Dre Puts Napster on Notice
The jury's still out among music fans, but the West Coast rap godfather has joined a growing list of musicians ready to battle Napster--the Internet's pesky song-swapping program offering free MP3 music files.
Dre has given the San Mateo, California, based company until Friday to yank his songs from its growing directory. And if Napster doesn't comply, he'll likely file a lawsuit against the company, much like Bay Area rockers Metallica did last week in a U.S. District Court in Los Angeles.
Metallica claims in its suit that Napster Inc. has encouraged people to freely trade songs without the band's permission.
Dre sent a letter Monday to Napster's acting CEO Eileen Richardson, asking that his songs be removed.
"[T]he listing of his songs and masters on Napster, and the facilitation and transfer of those files, constitutes an infringement of his copyrights," Howard King, who also is representing Metallica, tells Reuters. "Dr. Dre has not committed to suing them, but that would be the logical conclusion is they don't take it off their site."
Napster's massive growth has left record companies in a tizzy, and its operation makes old-school, swap-meet bootlegging look like the Stone Age. With its software, users trade free music files by getting access to other people's hard drives. That way, Napster's music directory grows every time a new user joins.
The site has been huge at universities, where campus networks have been clogged because of so many people connecting to the site. At least seven universities have banned Napster on their networks. Metallica's lawsuit accuses schools like the University of Southern California, Yale and Indiana universities of participating in the copyright infringement.
King says he's also been contacted by at least 10 other artists and managers, as well as a major publishing company, who are planning to battle Napster, either with Metallica or in separate lawsuits. Those groups also would be joining the Recording Industry Association of America, which is suing Napster for $100,000 for each song traded using the software.
Napster's lawyer could not be reached for comment, but CEO Richardson released a statement last week defending the company's music trading practice.
"It has never been Napster's intention to belittle the importance of an artistic production, and we are very passionate about helping bands understand the value of what we offer," the statement reads. "Nevertheless, technological advances over the last several years are restructuring the entertainment business."
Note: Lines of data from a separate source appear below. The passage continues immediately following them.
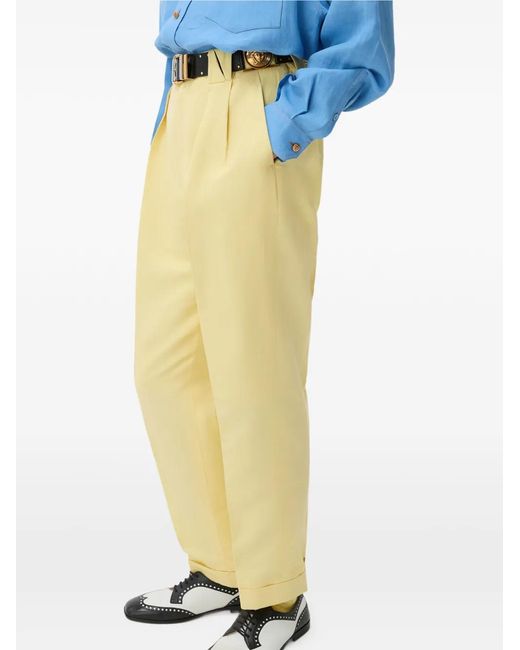 Versace Yellow Wool-Linen Formal Pants for men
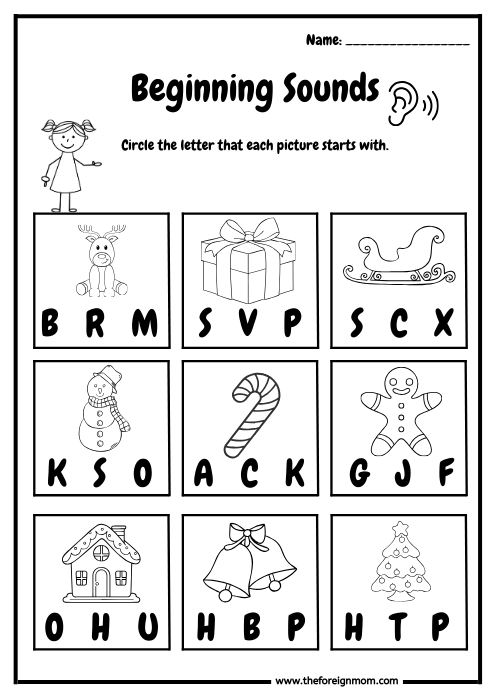 Beginner Sounds Worksheets For Kindergartners - Reindeer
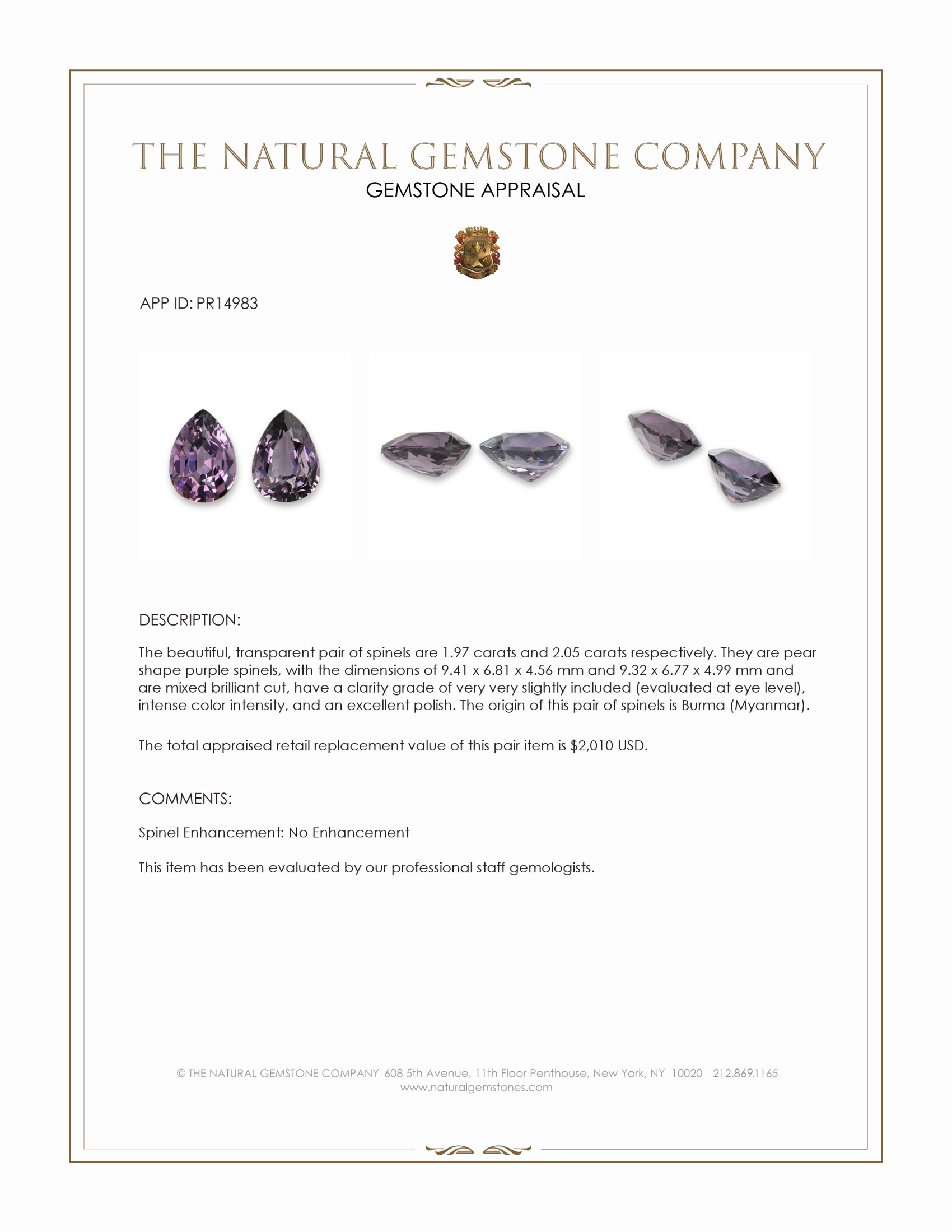 4.02 Ct.Tw. Purple Spinel Pair from Burma (Myanmar)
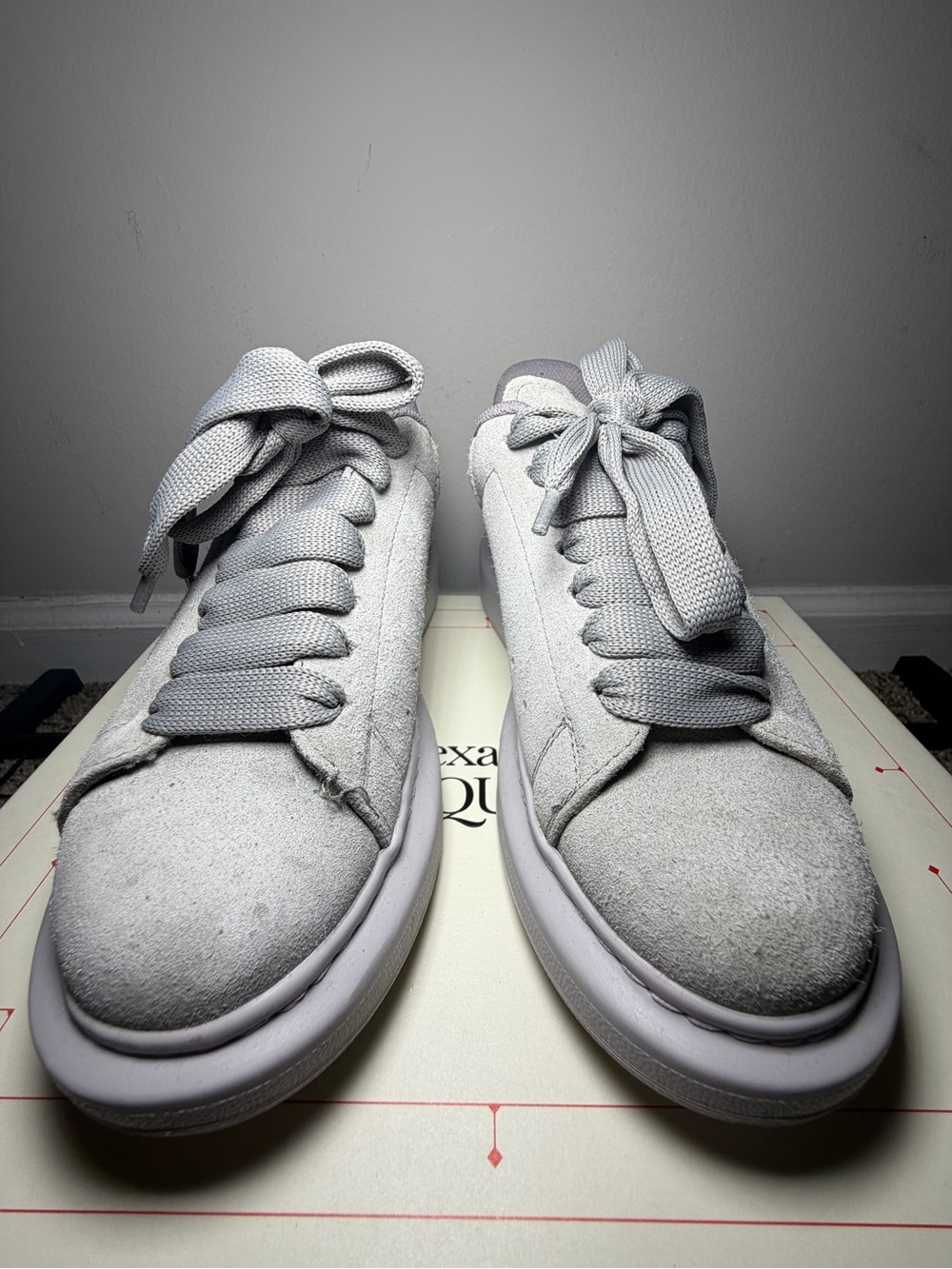 🩶 Alexander McQueen Oversized Sneakers — True Grey Suede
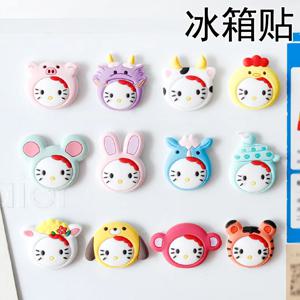 만화 귀여운 헬로 키티 실리콘 Decore 미니 냉장고 홈 장식 스티커 자석 냉장고 기념품 화이트 보드 자석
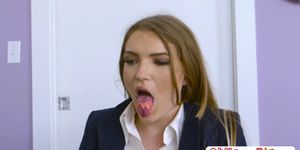 Beautiful cute teen Amber Gray swallows huge cock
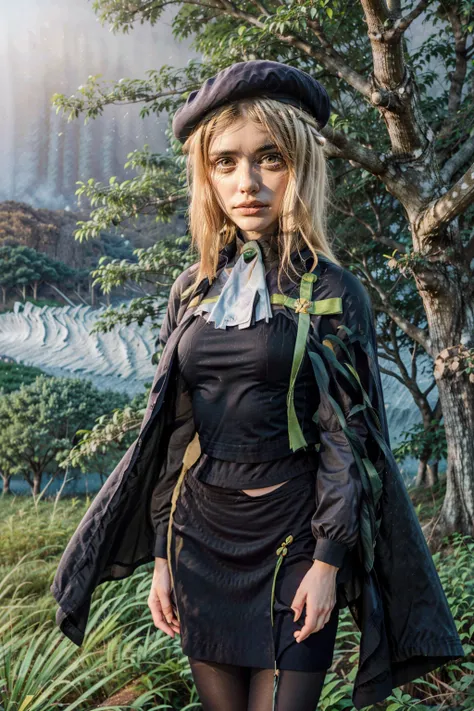 1 girl, best quality, ((Miyo)), tarankaaa, perfect face, beautiful smile, 30 years old, ((ascot, uniform, black skirt, cross, ribbon, gold blonde hair, emerald, beret, cape, pantyhose)), ((perfectly drawn hands)), perfect body, bare tree, bush, fog, forest...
Meanwhile, Dre's beef with Napster has spawned more debate among Netizens and music fans, who wonder whether groups have turned greedy by aiming at Internet bootlegging, or if the on-line trading is just too widespread to ignore.
"Even if Napster itself is shut down, they can't stop it," one music fan writes on an MP3 site. "There is nothing to keep me from going and buying the new Britney Spears CD, ripping it and distributing it to all my friends over the Internet for free.
"It's going to be hard for these artists to recover anything because no money is changing hands."
But others--some of them starving artists themselves--say groups like Metallica and Dre should fight any copyright infringement that pops up.
"They make lots of money, now they want to protect it. I don't blame them," the fan writes.
Ironically enough, Dre has just been sued for--what else--copyright infringement, by George Lucas' Lucasfilm Ltd.
The production company claims Dre stole its "THX Deep Note" for the opening of his latest album, Dr. Dre 2001. In a lawsuit filed April 14 in the U.S. District Court in Northern California, Lucasfilm alleges that Dre asked permission to use the sound and was denied--but he used it anyway.